(Work request) Reply with one number: the count of lines in the records below that hold "Mercedes".
** Opening Data records block **
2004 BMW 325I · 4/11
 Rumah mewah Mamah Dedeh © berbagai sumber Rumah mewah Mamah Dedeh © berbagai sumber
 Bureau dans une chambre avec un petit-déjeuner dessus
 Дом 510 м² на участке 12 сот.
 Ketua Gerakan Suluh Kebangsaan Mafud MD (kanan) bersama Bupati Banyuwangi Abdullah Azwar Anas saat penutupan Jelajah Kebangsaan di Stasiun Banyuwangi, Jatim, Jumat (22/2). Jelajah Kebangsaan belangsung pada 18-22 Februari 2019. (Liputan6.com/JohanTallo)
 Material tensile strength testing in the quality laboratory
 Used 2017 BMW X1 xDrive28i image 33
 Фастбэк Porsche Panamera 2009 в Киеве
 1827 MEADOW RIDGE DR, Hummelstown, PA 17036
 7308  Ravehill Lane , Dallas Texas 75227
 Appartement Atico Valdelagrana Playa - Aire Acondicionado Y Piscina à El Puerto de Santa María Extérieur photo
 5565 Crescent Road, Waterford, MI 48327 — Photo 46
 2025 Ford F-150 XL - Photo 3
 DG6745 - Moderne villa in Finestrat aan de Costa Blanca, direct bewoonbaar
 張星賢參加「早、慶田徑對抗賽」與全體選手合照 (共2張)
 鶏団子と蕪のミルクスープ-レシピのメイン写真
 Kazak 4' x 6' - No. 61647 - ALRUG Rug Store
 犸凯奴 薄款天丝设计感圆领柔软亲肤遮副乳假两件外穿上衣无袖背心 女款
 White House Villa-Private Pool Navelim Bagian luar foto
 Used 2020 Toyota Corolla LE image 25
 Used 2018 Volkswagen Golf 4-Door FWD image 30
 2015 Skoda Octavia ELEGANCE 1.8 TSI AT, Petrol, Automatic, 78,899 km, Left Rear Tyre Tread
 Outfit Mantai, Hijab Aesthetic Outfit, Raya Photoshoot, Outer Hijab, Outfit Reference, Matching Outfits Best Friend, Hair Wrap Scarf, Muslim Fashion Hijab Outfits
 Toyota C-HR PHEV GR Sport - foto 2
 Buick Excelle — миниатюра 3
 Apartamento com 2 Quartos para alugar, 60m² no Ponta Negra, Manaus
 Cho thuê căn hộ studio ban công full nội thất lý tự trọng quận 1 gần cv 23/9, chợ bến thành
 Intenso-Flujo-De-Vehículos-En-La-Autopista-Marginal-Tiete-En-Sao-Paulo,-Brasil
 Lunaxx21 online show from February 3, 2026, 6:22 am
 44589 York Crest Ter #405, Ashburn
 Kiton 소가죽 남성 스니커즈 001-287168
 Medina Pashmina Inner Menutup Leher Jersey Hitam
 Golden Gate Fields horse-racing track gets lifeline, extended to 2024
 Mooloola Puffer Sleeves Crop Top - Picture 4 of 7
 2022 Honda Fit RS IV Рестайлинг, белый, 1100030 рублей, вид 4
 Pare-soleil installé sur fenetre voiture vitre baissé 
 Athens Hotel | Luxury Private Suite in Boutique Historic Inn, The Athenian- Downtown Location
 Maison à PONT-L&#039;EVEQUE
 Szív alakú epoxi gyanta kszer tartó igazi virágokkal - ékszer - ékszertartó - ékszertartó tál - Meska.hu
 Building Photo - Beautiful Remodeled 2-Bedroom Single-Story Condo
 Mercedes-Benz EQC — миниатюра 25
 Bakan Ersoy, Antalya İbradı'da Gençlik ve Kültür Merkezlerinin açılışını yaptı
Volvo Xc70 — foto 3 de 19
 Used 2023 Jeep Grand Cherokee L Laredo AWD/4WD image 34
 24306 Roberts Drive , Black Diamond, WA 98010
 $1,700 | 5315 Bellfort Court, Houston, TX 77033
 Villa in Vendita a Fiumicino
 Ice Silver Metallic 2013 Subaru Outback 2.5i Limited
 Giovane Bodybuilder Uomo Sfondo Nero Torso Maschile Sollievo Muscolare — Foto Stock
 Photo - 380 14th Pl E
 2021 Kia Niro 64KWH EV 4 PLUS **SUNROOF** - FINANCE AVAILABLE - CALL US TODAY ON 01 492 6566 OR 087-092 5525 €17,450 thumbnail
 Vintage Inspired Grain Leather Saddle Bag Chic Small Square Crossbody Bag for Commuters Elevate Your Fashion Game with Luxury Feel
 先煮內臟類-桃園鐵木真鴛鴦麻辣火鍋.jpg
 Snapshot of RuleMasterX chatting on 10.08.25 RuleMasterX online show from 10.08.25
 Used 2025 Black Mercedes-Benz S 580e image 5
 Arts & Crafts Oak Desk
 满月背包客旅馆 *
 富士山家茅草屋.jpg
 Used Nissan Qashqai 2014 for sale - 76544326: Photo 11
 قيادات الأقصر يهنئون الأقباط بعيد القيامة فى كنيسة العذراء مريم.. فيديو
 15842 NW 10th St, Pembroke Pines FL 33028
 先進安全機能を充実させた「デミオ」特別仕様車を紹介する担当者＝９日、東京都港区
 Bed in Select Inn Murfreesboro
** Closing Data records block **
(Solution for this task) 2